AUSTIN, Texas (CN) - A Corrections Corporation of America prison guard sexually assaulted eight women while taking them away from a CCA prison, the women claim in court.
Kimberly Doe et al. sued CCA, the nation's largest private prison company; their alleged assailant, Donald Dunn, former "escort officer and resident supervisor" at CCA's T. Don Hutto Residential Center in Taylor, Texas; and Dunn's then-boss, Evelyn Hernandez, in Travis County Court.
The eight women - from Eritrea, Brazil, El Salvador, Guatemala and Honduras - seek punitive damages for sexual assault, false imprisonment, gross negligence and negligent supervision.
All eight say they fled horrid conditions in their home country to seek asylum in the United States, where they were arrested and U.S. Immigration and Customs Enforcement sent them to the T. Don Hutto prison.

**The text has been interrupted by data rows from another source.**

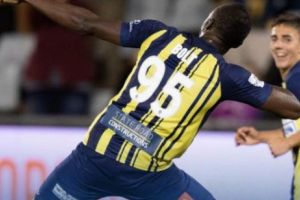 Usain Bolt A SPART GHEAȚA în fotbalul profesionist! PRIMELE GOLURI pentru cel mai rapid om al planetei | VIDEO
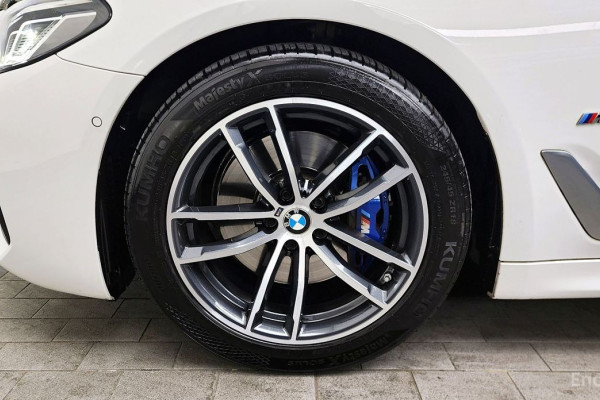 2022 BMW 5 серии с пробегом 80 435 км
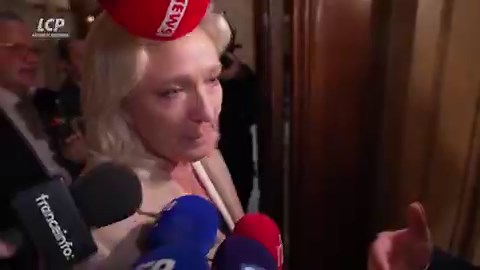 Dans la Constitution européenne, il y avait le drapeau européen, il y avait l'hymne. Elle a été rejetée par référendum.Rien ne prévoit aujourd'hui le déploiement du drapeau européen sur les mairies.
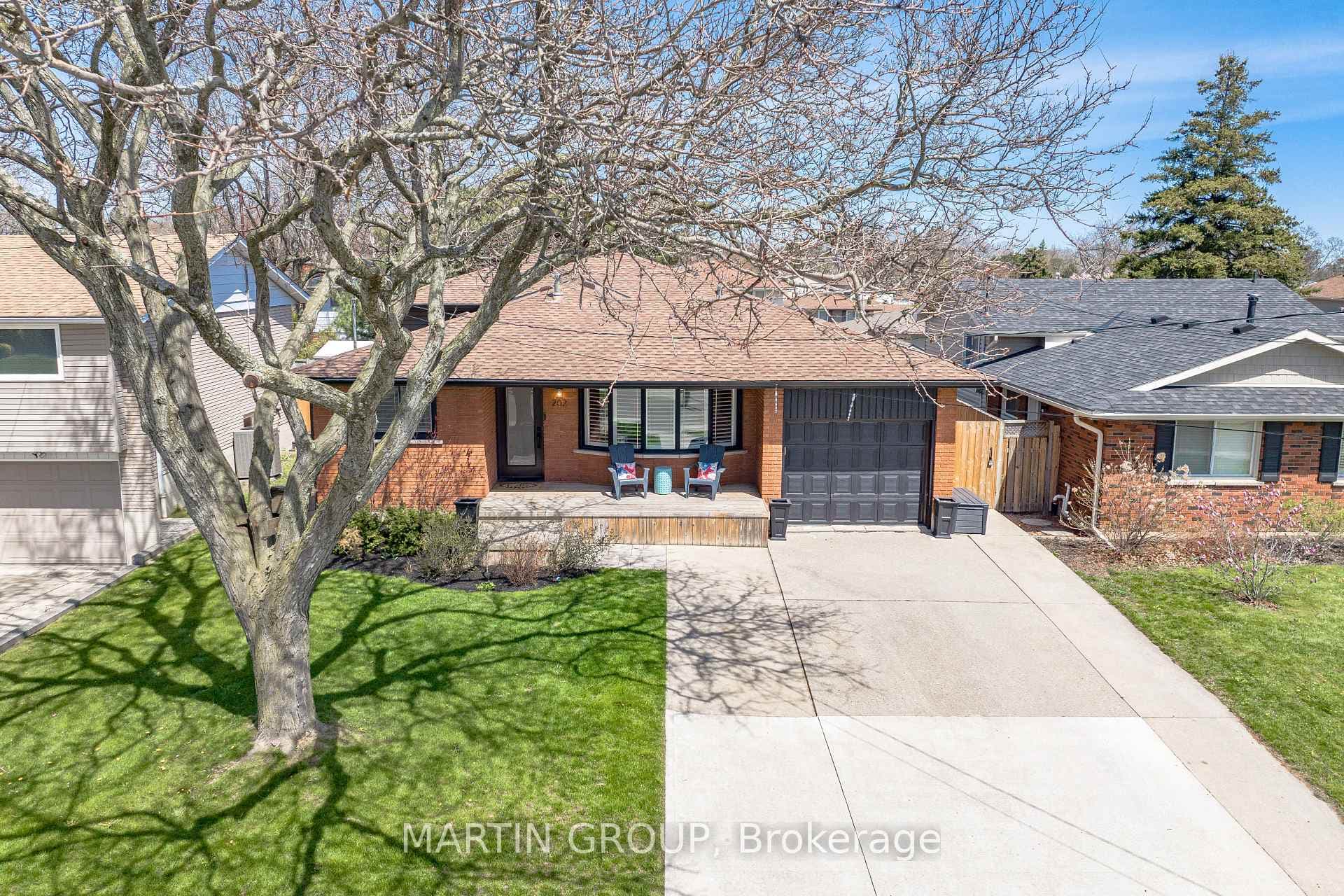 202 SAN PEDRO Drive, Hamilton, ON L9C 2E1 - Photo 1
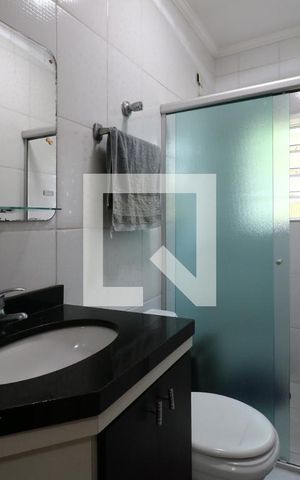 Casa para alugar com 248m², 5 quartos e 4 vagasBanheiro Social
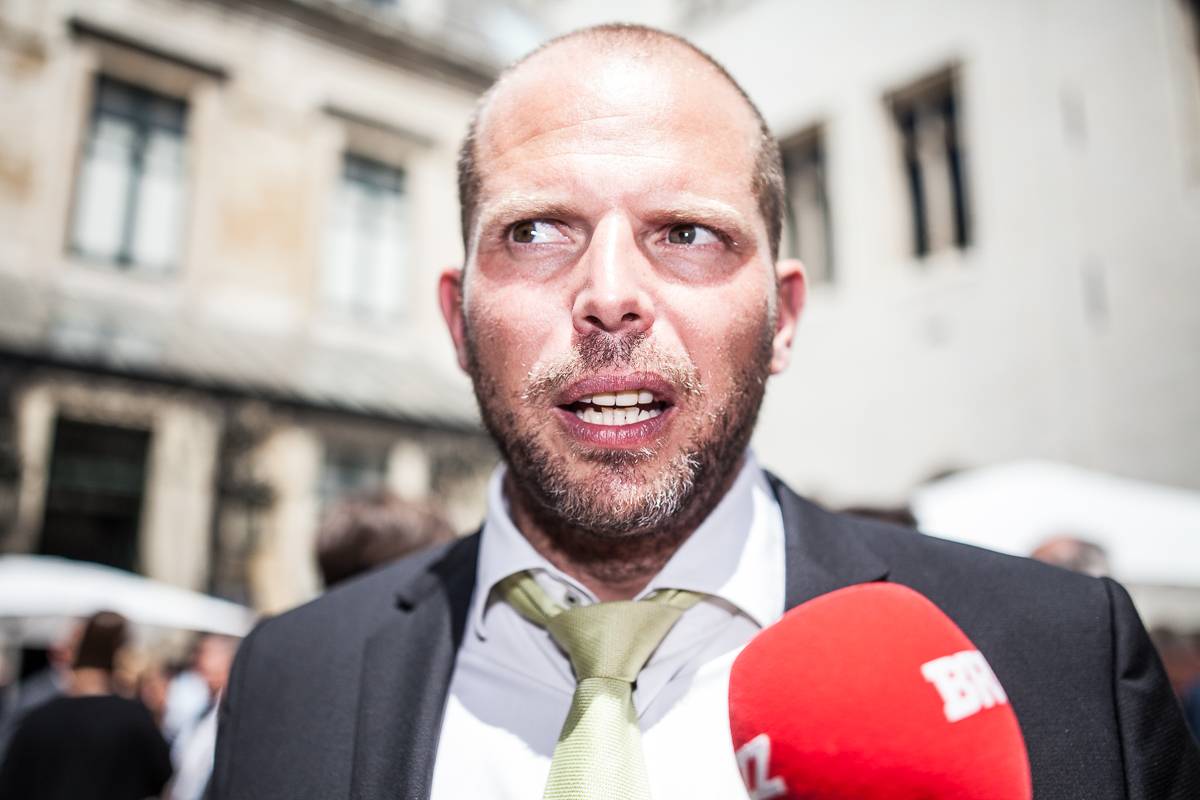 Theo Francken, 2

Corrections Corporation of America, founded in 1983, was the first private prison company the U.S. immigration service hired to imprison refugees. CCA claims on its website that it "benefit[s] America by protecting public safety, employing the best people in solid careers, preparing inmates for reentry, giving back to communities, and bringing innovative security to government corrections - all while consistently saving hardworking taxpayers' dollars."
The Department of Homeland Security changed its immigration policy in 2005 from one of "catching and releasing" to "catching and detaining," according to the complaint. The number of immigrant detainees rose from 200,000 in 2005 to 400,000 in 2010, with about 10 percent of them women.

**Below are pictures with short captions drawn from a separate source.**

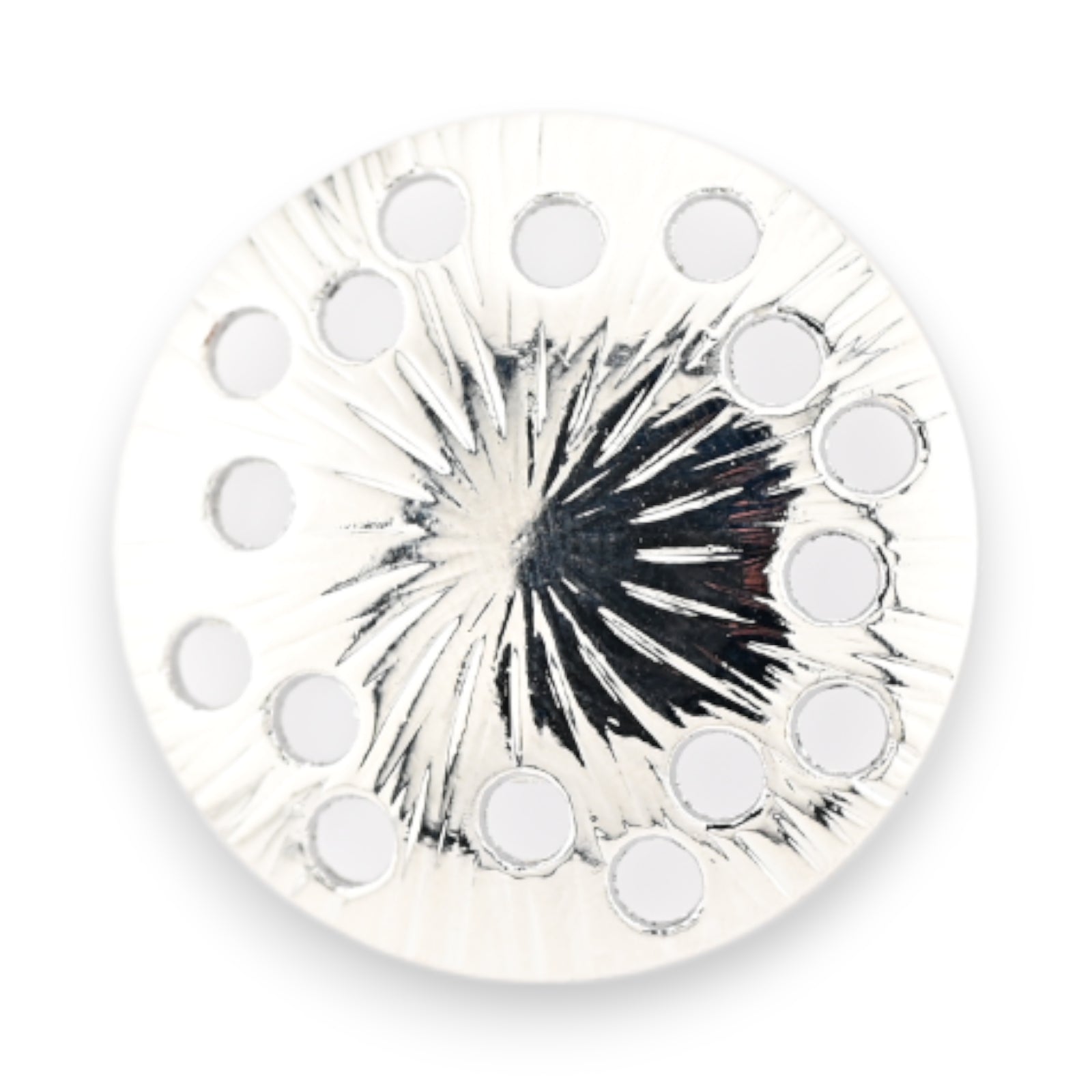 Runde silberne Magnetbrosche mit strahlenförmigem Muster und Löchern für Steine, elegantes Schmuckdesign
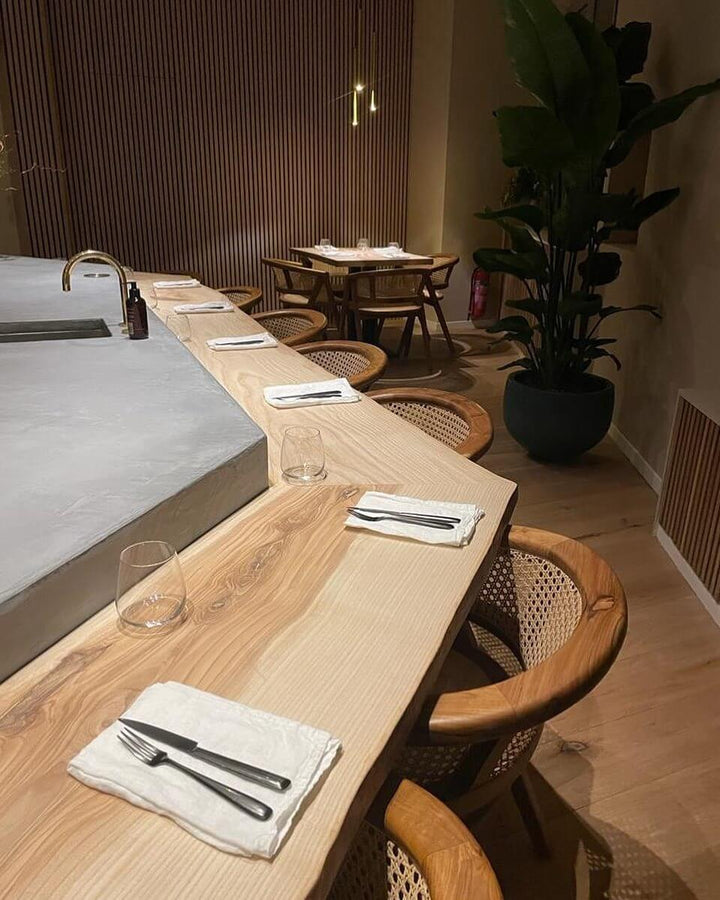 Chique tafelen aan stadshout bij And / Or (2022)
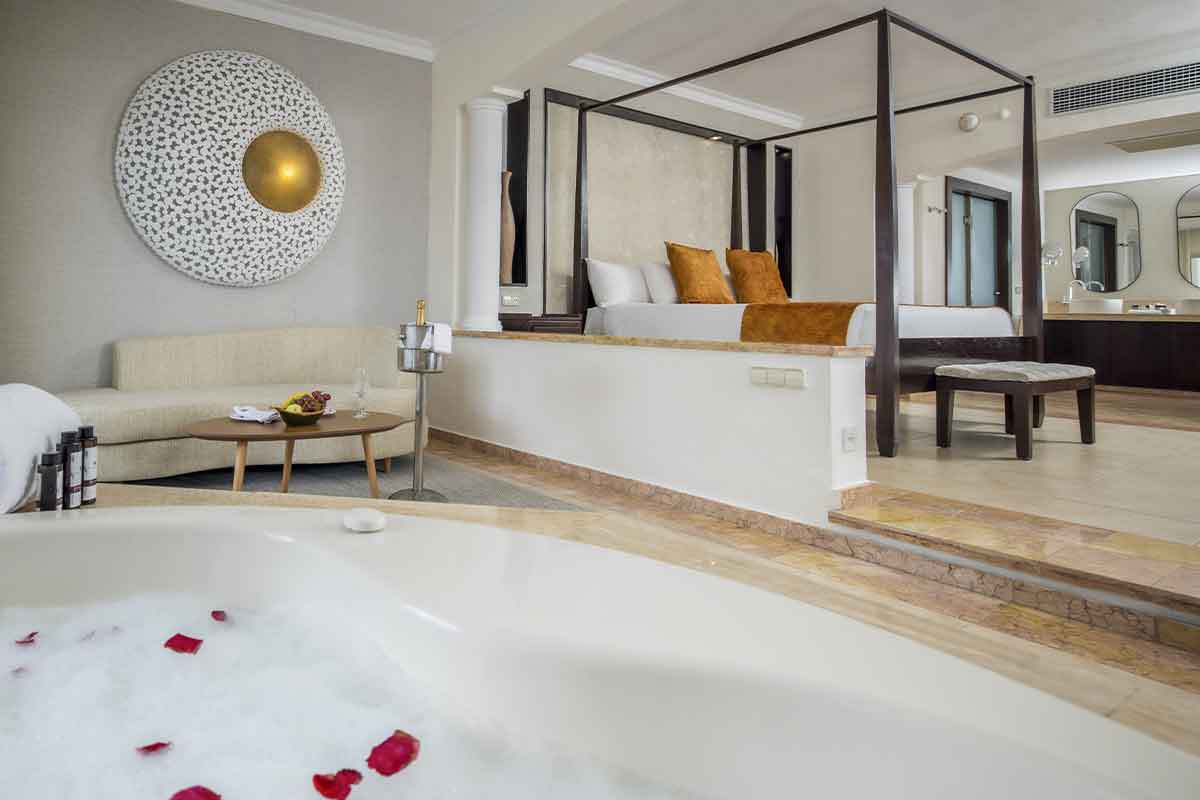 Vista general de habitación con jacuzzi interior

Most immigration detainees have committed no crime other than entering the country without inspection.
Widespread sexual abuse of immigration detainees has been documented by private attorneys, at the CCA prison in Laredo, and by groups such as the Women's Commission for Refugee Women and Children, which reported on abuses at the Krome Avenue prison in Miami.
A guard at the Hutto prison was accused in May 2007 of sexually assaulting a woman there "while her son was sleeping in his crib inside the cell."

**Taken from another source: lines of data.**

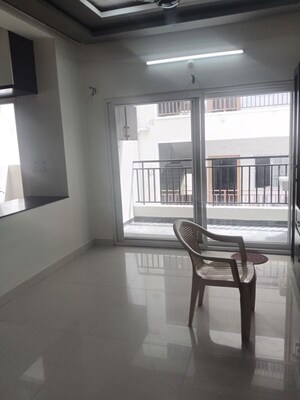 Room in 3 BHK Apartment at Narsingi – for Rent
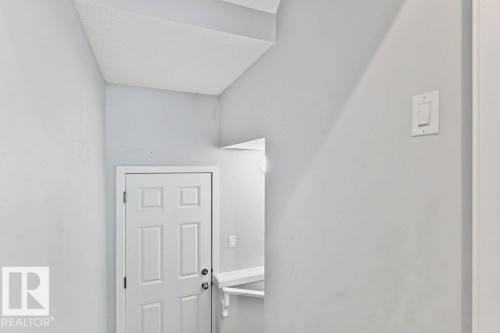 17096 46 Street, Edmonton, AB - Indoor Photo Showing Other Room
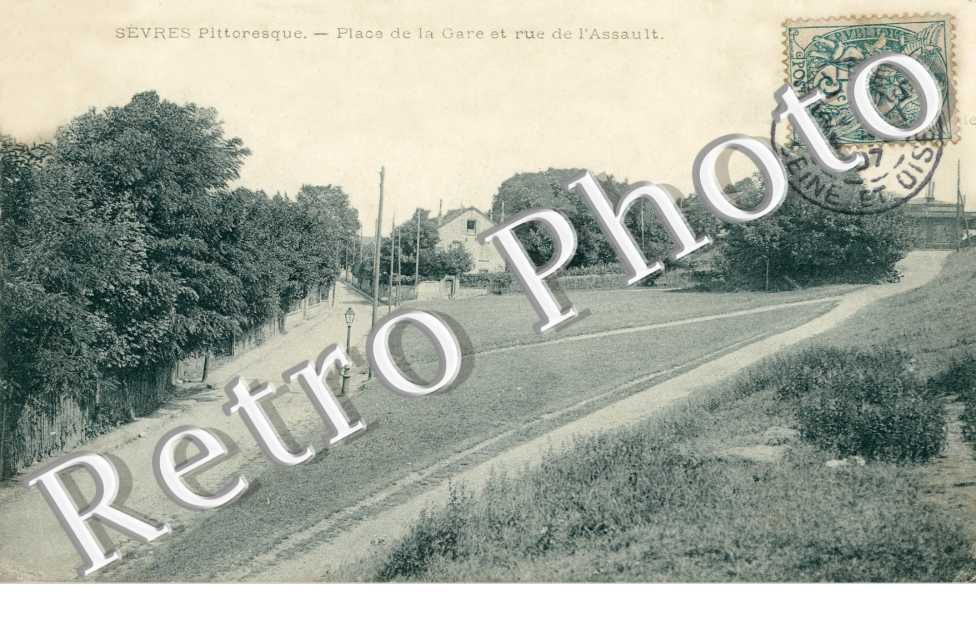 Place de la Gare et Rue d'Assault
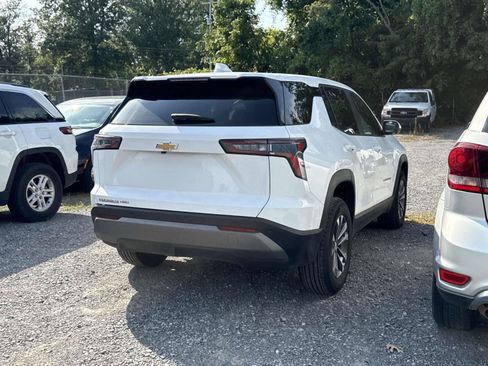 Used 2026 Chevrolet Equinox LT AWD/4WD image 4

In December 2007, ICE announced a zero-tolerance policy toward sexual assault in immigration prisons, whether run by the government or private contractors.
In 2008, Homeland Security found the Hutto facility to be noncompliant with ICE standards for sexual abuse. By 2009 ICE stopped detaining families at the Hutto facility and used it exclusively to house immigrant women.
The plaintiffs in the new case, filed April 9, say Dunn sexually assaulted them as he took them from the Hutto prison to an airport or bus station.
Sarah Doe, a 24-year-old native of Eritrea, says she fled to the United States after being repeatedly raped and beaten by a military commander. She was released from the Hutto prison on March 20, 2010. At 3:58 a.m. she met Dunn, who was supposed to take her to the airport.
Dunn locked her into a cage-like area in the back of his van and they departed, stopping 10 miles later at a Conoco gas station. There, Dunn told Sarah to get out of the van and move against the wall of the station. He groped her repeatedly "for an extended period of time, touching all over her body, including her breasts, crotch area, and buttocks," Doe says in the complaint. He put her back in the van and took her to the airport. She says she never reported it because she was terrified.